There is COM communication between all these processes. Sbie blocks this communication. After opening the CLSID above, we are able to instantiate the COM object in services.exe, but then we get fatal errors. SbieSvc.exe in the host fails when it tries to invoke a method in SbieSvc.exe running in the guest.

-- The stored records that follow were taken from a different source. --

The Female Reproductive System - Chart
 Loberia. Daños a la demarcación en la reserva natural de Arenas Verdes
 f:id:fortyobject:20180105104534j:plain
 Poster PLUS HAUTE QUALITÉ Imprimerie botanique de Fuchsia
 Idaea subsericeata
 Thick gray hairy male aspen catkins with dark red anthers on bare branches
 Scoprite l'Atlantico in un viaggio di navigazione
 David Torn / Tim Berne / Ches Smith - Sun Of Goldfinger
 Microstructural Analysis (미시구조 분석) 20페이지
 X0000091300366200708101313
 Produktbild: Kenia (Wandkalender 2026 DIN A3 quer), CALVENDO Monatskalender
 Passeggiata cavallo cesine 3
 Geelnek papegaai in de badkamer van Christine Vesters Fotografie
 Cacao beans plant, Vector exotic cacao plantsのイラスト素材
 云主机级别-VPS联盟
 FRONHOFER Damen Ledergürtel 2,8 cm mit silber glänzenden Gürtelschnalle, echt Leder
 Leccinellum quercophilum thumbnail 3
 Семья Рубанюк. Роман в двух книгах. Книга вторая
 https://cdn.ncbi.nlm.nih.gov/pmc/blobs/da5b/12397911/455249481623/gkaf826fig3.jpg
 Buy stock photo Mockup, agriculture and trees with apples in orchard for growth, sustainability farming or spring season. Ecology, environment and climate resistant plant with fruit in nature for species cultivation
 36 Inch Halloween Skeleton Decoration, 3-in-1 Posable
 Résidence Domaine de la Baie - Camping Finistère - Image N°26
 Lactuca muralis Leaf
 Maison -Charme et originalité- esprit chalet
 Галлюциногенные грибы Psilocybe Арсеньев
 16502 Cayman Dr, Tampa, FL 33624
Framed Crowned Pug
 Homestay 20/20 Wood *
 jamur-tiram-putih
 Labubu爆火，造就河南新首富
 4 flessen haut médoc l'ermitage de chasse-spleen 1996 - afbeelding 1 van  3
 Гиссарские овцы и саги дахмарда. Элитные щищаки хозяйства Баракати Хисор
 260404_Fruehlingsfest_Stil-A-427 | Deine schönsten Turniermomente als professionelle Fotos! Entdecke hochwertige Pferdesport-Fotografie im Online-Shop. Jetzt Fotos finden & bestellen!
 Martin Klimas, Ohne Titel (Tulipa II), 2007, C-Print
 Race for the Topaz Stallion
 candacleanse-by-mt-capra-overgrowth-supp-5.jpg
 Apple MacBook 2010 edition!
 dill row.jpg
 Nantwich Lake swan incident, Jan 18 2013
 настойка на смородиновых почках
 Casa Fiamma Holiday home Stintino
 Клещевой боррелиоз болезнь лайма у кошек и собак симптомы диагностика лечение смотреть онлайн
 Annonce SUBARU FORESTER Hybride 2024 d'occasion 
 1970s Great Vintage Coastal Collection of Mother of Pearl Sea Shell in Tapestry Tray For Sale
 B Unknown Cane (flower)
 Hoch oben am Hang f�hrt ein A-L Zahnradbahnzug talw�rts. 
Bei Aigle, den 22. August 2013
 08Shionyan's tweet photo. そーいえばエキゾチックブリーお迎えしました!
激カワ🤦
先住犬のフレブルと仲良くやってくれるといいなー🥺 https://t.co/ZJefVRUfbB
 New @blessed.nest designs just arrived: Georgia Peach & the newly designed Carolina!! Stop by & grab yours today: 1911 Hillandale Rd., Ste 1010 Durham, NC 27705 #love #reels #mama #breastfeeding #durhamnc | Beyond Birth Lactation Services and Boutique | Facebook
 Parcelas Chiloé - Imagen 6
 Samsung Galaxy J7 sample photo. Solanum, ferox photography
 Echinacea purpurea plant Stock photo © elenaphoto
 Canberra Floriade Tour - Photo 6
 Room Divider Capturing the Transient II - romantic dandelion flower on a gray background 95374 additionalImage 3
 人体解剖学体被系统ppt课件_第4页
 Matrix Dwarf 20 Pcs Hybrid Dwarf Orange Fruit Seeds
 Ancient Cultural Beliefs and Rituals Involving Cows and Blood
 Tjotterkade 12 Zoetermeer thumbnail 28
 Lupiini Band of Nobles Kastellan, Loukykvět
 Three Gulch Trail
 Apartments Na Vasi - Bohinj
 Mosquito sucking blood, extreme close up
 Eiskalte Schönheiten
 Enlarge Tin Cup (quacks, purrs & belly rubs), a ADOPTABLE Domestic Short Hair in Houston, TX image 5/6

combase!ClientResolveOXID returns 776, OR_INVALID_OXID (0x80070776)
SbieSvc.exe host stack
| RPCRT4!NdrpClientUnMarshal+0x2dd |
| RPCRT4!NdrpClientCall2+0x41c |
| RPCRT4!NdrClientCall2+0x1f |
| combase!ClientResolveOXID+0x4f [onecore\com\combase\idl\internal\daytona\objfre\amd64\lclor_c.c @ 277] |
| combase!CRpcResolver::ClientResolveMachineLocalOXID+0x9f [onecore\com\combase\dcomrem\resolver.cxx @ 1277] |
| combase!COXIDTable::ClientResolveMachineLocalOXID+0x21d [onecore\com\combase\dcomrem\ipidtbl.cxx @ 3166] |
| combase!ReadObjRef+0x177 [onecore\com\combase\dcomrem\marshal.cxx @ 9565] |
| combase!CoUnmarshalInterface+0x7b [onecore\com\combase\dcomrem\coapi.cxx @ 1938] |
| combase!NdrExtInterfacePointerUnmarshall+0x1b3 [onecore\com\combase\ndr\ndrole\oleaux.cxx @ 1168] |
| RPCRT4!NdrPointerUnmarshall+0x384 |
| RPCRT4!NdrpServerUnMarshal+0x1b4 |
| RPCRT4!NdrStubCall2+0x1fd |
| RPCRT4!NdrStubCall3+0xe3 |
| combase!CStdStubBuffer_Invoke+0x5f [onecore\com\combase\ndr\ndrole\stub.cxx @ 1524] |
| RPCRT4!CStdStubBuffer_Invoke+0x3b |
| SbieSvc!ComServer::InvokeMethodSlave+0x10d [c:\src\sandbox\projects\core\svc\comserver.cpp @ 2061] |
| SbieSvc!ComServer::RunSlave+0x4b3 [c:\src\sandbox\projects\core\svc\comserver.cpp @ 1484] |
| SbieSvc!WinMain+0xb8 [c:\src\sandbox\projects\core\svc\main.cpp @ 118] |
| SbieSvc!invoke_main+0x21 [f:\dd\vctools\crt\vcstartup\src\startup\exe_common.inl @ 94] |
| SbieSvc!__scrt_common_main_seh+0x117 [f:\dd\vctools\crt\vcstartup\src\startup\exe_common.inl @ 253] |
| KERNEL32!BaseThreadInitThunk+0x14 |
| ntdll!RtlUserThreadStart+0x21 |
SbieSvc.exe guest stack
| KERNELBASE!RaiseException+0x69 |
| RPCRT4!RpcpRaiseException+0x34 |
| RPCRT4!RpcRaiseException+0x14 |
| combase!NdrExtInterfacePointerUnmarshall+0xc3cfa [onecore\com\combase\ndr\ndrole\oleaux.cxx @ 1172] |
| RPCRT4!NdrPointerUnmarshall+0x384 |
| RPCRT4!NdrpServerUnMarshal+0x1b4 |
| RPCRT4!NdrStubCall2+0x1fd |
| RPCRT4!NdrStubCall3+0xe3 |
| combase!CStdStubBuffer_Invoke+0x5f [onecore\com\combase\ndr\ndrole\stub.cxx @ 1524] |
| RPCRT4!CStdStubBuffer_Invoke+0x3b |
| SbieSvc!ComServer::InvokeMethodSlave+0x10d [c:\src\sandbox\projects\core\svc\comserver.cpp @ 2061] |
| SbieSvc!ComServer::RunSlave+0x4b3 [c:\src\sandbox\projects\core\svc\comserver.cpp @ 1484] |
| SbieSvc!WinMain+0xb8 [c:\src\sandbox\projects\core\svc\main.cpp @ 118] |
| SbieSvc!invoke_main+0x21 [f:\dd\vctools\crt\vcstartup\src\startup\exe_common.inl @ 94] |
| SbieSvc!__scrt_common_main_seh+0x117 [f:\dd\vctools\crt\vcstartup\src\startup\exe_common.inl @ 253] |
| KERNEL32!BaseThreadInitThunk+0x14 |
| ntdll!RtlUserThreadStart+0x21 |
Unfortunately, this is not just a matter of opening IPC ports. I believe the host process SbieSvc.exe is attempting to use EPMapper to find a DCOM object in the sandbox that does not exist. Hence the error OR_INVALID_OXID. So, somehow we may need to ensure that all required DCOM objects exist in the sandbox, or intercept these accesses to EPMapper. Additional research is required which will include some reverse engineering of Windows RPC, msiexec.exe, combase.dll, EPMapper, etc.
Note: In Windows 10, services.exe is a protected process. This means you cannot attach a debugger to it and the stacks will not be decipherable in ProcMon. You must run Windows under the kernel debugger and manually change the “Protection” field of the EPROCESS structure. Search for articles on the web for more details.